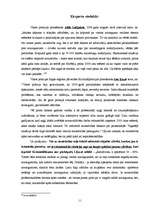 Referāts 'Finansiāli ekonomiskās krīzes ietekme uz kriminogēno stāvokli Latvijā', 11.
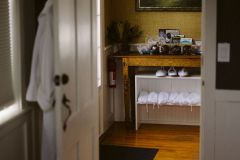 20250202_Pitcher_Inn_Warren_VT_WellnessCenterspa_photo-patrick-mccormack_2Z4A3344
· · · · ·
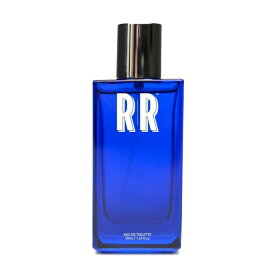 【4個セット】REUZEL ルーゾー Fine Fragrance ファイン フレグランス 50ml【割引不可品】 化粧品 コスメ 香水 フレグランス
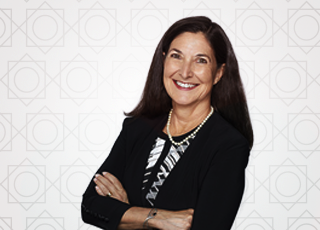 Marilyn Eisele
· · · · ·
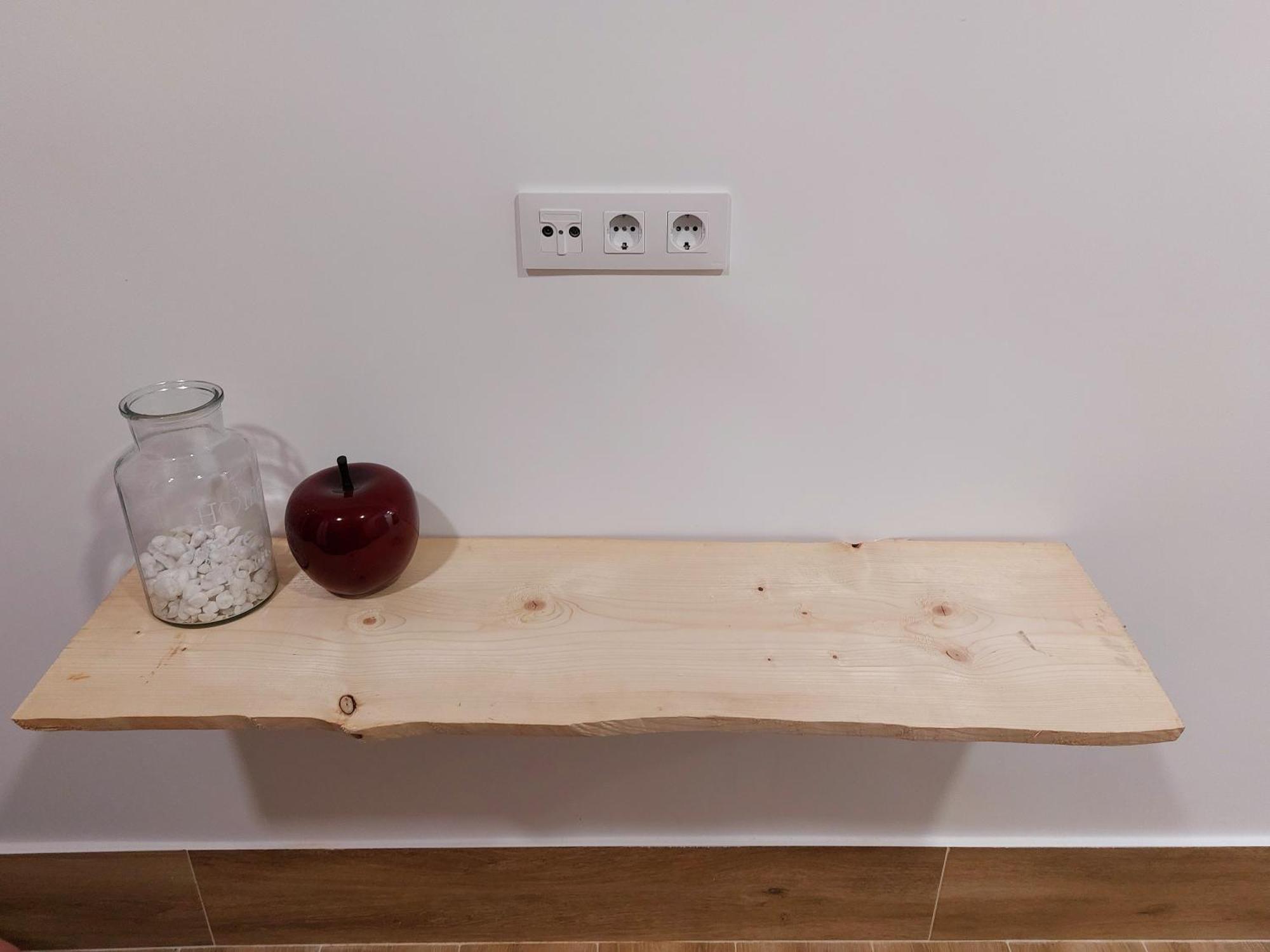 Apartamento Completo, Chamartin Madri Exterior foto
· · · · ·
EXERCISE INSTRUCTIONS:
Extract from the material above the stretch running from the line containing "コスメ 香水 フレグランス" through the line containing "Marilyn Eisele". Keep the text exact and the pictures out.

REPLY:
 【4個セット】REUZEL ルーゾー Fine Fragrance ファイン フレグランス 50ml【割引不可品】 化粧品 コスメ 香水 フレグランス
 Marilyn Eisele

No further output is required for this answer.